- STORED DATA -
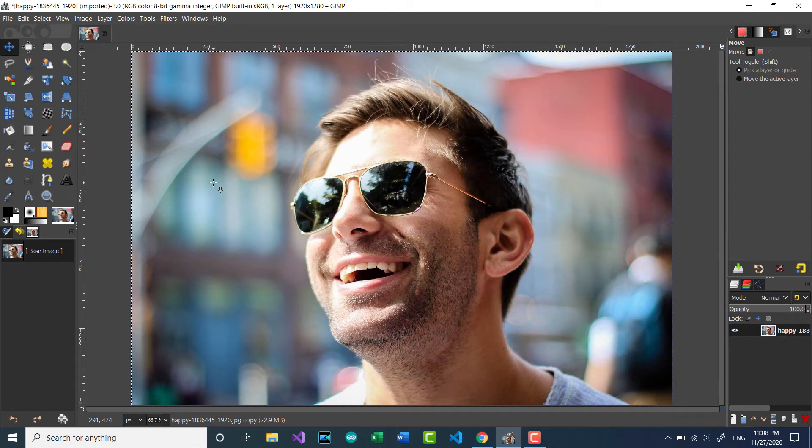Hi everyone, welcome to Game Tutorial. In this tutorial I'm going to show you how to remove background using layer mask.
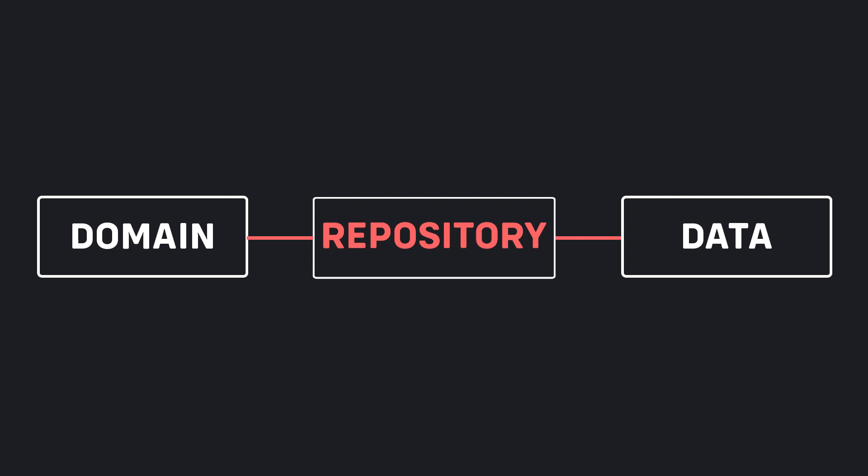Repositories are responsible for coordinating data from different data sources. The repository at the domain layer is in the form of an abstract class in which there are functions that still need to be implemented.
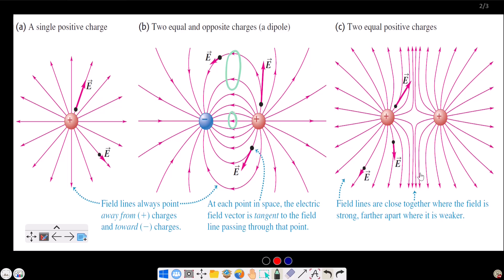Where we are closer together on the electric lines of force, the field is stronger. Further apart means weaker. Electric lines of force direction goes from positive to negative. Electric lines of force start from a positive charge and end on a negative charge.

- WHAT THE TASK ASKS -
Write out the lines of the material above exactly, from its first line through the line that contains "Repositories are responsible", so that no picture appears in the copy.

- EXERCISE RESPONSE -
Hi everyone, welcome to Game Tutorial. In this tutorial I'm going to show you how to remove background using layer mask.
Repositories are responsible for coordinating data from different data sources. The repository at the domain layer is in the form of an abstract class in which there are functions that still need to be implemented.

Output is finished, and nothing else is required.